> **Exercise details**: Of the lines in the data below, write out exactly those from the one holding "map of restaurants, bars, coffee" through the one holding "My First Trip", both included.

(Provided data begins)

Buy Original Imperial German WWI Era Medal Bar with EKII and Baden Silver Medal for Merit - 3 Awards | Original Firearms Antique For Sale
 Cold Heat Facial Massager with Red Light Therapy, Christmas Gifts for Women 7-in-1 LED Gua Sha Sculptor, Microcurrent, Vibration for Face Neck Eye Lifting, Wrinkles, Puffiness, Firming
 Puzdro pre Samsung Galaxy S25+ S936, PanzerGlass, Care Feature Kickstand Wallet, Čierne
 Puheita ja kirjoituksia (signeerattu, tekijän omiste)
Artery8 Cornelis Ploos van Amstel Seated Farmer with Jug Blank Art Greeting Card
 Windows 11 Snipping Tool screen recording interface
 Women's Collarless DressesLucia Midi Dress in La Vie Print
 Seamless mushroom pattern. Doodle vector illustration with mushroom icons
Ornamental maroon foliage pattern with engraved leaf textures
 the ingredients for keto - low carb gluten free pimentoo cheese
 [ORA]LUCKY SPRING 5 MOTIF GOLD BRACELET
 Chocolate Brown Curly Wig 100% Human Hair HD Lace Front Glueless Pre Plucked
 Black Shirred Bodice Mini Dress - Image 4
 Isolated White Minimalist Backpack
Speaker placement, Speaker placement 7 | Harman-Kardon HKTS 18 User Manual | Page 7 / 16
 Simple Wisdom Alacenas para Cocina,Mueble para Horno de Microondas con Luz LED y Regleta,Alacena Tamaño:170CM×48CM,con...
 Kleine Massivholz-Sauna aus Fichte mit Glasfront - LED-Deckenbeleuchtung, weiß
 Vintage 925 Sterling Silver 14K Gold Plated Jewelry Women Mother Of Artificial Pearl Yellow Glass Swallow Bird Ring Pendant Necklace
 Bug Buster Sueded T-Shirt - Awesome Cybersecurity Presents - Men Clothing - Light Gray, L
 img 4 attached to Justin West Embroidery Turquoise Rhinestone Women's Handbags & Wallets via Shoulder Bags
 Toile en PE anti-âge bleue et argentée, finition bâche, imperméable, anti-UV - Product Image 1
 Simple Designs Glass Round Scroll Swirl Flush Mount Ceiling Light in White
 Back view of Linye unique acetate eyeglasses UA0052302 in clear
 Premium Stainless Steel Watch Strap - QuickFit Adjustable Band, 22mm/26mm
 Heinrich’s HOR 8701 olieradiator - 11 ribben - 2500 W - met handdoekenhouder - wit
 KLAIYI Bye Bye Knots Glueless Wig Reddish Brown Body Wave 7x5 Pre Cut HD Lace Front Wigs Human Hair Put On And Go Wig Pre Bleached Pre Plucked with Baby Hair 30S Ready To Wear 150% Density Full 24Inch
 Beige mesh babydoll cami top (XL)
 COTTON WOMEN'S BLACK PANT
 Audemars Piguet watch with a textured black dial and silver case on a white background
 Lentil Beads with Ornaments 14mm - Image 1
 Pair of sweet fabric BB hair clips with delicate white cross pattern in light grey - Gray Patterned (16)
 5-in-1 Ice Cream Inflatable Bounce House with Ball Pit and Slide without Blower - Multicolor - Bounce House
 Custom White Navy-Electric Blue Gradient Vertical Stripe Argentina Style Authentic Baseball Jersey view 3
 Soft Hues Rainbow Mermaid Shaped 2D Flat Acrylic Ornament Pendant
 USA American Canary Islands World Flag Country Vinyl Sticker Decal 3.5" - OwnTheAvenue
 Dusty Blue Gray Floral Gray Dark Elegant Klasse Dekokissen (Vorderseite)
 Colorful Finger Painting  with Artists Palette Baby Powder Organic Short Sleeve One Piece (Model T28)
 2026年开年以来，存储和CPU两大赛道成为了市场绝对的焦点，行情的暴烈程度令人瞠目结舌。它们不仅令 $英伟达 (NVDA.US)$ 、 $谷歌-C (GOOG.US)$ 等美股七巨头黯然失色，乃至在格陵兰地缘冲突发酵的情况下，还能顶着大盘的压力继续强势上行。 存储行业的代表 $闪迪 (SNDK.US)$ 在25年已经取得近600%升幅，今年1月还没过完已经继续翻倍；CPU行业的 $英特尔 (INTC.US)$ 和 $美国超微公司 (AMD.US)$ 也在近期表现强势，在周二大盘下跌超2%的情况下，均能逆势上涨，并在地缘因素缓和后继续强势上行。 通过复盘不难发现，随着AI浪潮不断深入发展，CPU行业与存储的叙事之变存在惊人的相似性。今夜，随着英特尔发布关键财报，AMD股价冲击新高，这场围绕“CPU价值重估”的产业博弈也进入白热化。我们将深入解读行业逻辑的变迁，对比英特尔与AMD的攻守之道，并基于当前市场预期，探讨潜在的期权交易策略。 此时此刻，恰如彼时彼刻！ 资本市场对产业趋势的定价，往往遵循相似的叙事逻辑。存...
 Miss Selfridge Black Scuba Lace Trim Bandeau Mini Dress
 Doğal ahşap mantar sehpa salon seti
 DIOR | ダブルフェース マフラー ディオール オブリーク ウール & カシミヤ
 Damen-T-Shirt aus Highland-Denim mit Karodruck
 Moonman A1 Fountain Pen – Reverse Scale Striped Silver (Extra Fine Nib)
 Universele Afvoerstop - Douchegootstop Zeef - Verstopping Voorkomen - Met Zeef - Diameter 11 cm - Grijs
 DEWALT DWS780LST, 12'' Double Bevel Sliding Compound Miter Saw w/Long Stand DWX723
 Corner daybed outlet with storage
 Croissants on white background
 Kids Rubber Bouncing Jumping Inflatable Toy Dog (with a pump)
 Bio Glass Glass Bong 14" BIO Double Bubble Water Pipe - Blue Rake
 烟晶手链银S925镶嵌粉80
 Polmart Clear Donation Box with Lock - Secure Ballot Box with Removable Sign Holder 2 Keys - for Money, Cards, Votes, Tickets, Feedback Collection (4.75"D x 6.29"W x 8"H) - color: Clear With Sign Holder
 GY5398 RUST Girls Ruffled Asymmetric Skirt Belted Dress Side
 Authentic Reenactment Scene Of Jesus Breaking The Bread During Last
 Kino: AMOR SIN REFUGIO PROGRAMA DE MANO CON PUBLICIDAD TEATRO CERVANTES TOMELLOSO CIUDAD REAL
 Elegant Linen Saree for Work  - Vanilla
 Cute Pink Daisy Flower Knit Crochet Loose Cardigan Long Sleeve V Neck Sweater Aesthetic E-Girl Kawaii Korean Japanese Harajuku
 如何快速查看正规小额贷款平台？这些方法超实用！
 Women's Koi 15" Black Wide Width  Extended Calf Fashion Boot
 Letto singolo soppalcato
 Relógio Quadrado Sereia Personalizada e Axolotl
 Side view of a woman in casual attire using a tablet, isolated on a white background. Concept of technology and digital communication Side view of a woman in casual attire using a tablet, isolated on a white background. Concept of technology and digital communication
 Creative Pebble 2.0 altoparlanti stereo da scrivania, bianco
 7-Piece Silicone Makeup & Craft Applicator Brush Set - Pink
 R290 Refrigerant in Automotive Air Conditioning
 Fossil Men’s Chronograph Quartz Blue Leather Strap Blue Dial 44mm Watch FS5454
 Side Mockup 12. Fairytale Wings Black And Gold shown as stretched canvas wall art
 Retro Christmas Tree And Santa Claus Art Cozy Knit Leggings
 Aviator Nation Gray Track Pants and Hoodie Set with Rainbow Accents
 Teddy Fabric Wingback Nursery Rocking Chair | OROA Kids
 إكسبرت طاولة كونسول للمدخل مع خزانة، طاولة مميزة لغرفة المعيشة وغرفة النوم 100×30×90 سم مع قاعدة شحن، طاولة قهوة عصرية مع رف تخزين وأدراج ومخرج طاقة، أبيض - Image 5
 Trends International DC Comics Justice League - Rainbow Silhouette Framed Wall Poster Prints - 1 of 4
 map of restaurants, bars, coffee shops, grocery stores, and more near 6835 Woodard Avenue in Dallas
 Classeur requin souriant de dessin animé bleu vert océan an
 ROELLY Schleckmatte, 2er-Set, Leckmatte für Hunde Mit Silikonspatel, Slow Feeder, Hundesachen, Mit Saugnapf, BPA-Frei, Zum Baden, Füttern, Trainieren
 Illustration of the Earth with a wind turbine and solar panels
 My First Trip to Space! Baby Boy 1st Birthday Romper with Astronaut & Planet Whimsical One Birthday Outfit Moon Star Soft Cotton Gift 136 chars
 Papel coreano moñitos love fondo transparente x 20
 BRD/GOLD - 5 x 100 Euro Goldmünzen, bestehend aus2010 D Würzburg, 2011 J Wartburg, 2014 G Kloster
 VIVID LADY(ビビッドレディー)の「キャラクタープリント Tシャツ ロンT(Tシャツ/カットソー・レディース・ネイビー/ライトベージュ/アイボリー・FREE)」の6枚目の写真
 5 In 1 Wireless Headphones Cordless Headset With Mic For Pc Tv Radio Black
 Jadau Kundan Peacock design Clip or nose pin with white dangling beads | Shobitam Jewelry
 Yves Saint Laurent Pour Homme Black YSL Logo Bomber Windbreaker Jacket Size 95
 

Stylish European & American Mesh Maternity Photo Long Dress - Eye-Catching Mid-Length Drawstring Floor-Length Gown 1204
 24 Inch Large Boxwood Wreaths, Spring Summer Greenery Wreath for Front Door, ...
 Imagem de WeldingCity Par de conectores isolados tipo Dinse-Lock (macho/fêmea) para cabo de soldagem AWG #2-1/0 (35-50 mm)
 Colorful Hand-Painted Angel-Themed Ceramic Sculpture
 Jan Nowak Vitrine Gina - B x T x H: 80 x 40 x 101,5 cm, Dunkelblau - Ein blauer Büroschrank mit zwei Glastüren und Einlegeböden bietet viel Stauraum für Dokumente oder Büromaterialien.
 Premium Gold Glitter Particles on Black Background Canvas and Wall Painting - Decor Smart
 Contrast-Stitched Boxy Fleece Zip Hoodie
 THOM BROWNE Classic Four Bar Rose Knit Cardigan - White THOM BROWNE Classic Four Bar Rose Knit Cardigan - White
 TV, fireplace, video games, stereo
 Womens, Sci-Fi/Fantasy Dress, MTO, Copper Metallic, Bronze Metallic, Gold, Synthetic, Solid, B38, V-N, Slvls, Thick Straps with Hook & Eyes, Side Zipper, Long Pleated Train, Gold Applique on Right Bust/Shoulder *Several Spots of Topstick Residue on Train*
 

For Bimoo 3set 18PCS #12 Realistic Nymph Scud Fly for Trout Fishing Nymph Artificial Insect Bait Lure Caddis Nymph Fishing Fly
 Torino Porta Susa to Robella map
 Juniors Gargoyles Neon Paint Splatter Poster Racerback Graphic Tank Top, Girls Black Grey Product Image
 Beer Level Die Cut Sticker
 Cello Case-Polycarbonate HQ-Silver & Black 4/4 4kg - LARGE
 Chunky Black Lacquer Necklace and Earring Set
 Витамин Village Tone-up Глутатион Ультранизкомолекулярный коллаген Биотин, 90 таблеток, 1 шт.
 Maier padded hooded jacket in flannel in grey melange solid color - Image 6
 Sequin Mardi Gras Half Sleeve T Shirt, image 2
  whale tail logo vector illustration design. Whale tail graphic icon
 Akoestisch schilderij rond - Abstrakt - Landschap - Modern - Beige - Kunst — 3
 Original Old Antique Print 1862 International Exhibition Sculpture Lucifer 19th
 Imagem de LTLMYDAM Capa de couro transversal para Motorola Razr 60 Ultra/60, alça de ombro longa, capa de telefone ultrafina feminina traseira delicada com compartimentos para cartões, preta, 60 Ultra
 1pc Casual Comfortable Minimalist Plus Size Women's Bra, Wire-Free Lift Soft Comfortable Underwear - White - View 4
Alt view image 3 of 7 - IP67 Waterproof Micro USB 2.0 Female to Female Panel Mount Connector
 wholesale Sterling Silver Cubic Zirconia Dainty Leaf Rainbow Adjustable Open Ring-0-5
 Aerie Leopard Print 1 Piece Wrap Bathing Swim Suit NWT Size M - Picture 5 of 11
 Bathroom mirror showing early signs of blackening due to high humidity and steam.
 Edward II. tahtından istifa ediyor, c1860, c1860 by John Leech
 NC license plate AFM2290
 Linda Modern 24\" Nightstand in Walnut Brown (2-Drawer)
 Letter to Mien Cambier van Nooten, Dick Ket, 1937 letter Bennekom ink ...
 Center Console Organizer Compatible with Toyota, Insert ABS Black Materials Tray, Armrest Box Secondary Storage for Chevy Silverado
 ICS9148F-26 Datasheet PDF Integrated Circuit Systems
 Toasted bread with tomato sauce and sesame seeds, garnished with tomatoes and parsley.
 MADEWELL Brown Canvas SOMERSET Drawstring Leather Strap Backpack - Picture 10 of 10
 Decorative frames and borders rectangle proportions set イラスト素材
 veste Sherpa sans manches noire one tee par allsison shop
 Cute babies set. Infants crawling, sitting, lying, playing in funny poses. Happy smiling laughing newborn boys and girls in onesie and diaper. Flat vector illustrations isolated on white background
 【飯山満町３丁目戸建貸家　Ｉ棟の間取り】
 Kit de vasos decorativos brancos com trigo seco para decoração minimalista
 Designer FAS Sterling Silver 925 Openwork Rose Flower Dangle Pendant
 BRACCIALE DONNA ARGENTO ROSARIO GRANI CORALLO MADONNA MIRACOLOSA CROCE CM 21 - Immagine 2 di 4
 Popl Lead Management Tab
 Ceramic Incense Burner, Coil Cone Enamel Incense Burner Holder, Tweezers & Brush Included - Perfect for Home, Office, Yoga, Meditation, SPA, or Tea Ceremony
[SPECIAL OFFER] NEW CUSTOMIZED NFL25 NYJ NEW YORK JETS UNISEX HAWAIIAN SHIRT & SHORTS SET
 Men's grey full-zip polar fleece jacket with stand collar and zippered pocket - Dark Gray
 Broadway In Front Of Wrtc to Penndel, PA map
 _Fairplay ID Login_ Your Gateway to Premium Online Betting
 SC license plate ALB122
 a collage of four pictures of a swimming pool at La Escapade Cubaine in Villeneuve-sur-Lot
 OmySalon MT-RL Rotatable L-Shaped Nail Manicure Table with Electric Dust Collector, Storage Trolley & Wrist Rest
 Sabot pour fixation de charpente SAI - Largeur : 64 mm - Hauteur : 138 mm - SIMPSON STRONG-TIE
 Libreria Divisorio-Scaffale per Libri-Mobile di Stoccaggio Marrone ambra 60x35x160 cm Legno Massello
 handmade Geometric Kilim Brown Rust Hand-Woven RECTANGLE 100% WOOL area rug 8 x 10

(Provided data ends)

> **Response to the exercise**:
 map of restaurants, bars, coffee shops, grocery stores, and more near 6835 Woodard Avenue in Dallas
 Classeur requin souriant de dessin animé bleu vert océan an
 ROELLY Schleckmatte, 2er-Set, Leckmatte für Hunde Mit Silikonspatel, Slow Feeder, Hundesachen, Mit Saugnapf, BPA-Frei, Zum Baden, Füttern, Trainieren
 Illustration of the Earth with a wind turbine and solar panels
 My First Trip to Space! Baby Boy 1st Birthday Romper with Astronaut & Planet Whimsical One Birthday Outfit Moon Star Soft Cotton Gift 136 chars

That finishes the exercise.